### Try it
What is wanted is the full listing, word for word, without its pictures.

### Material provided
○ ○ ○

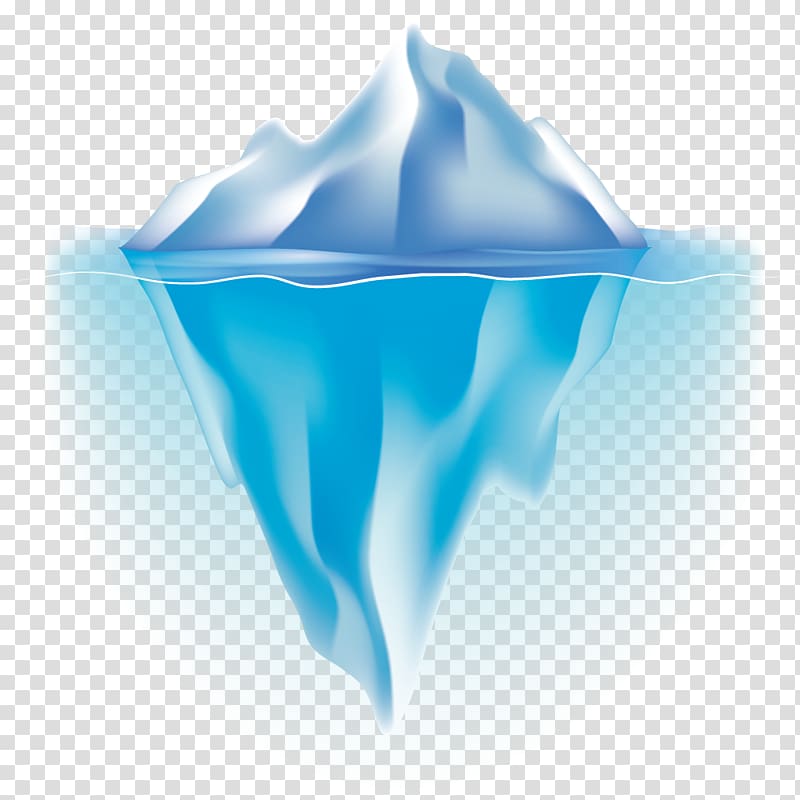 iceberg , Iceberg Illustration, island rocks transparent background PNG clipart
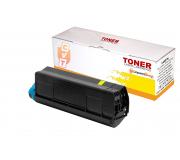 Compatible Oki C5100 / C5200 / C5400 / C5250 / C5450 / C3100 / C3200 Amarillo Toner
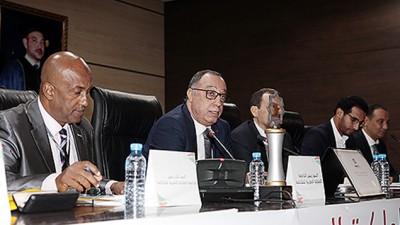 Fédération royale marocaine de boxe: Abdeljaouad Belhaj réélu président pour un nouveau mandat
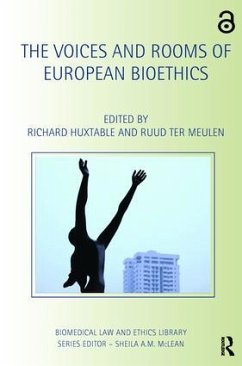 The Voices and Rooms of European Bioethics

○ ○ ○

### Answer section
 iceberg , Iceberg Illustration, island rocks transparent background PNG clipart
 Compatible Oki C5100 / C5200 / C5400 / C5250 / C5450 / C3100 / C3200 Amarillo Toner
 Fédération royale marocaine de boxe: Abdeljaouad Belhaj réélu président pour un nouveau mandat
 The Voices and Rooms of European Bioethics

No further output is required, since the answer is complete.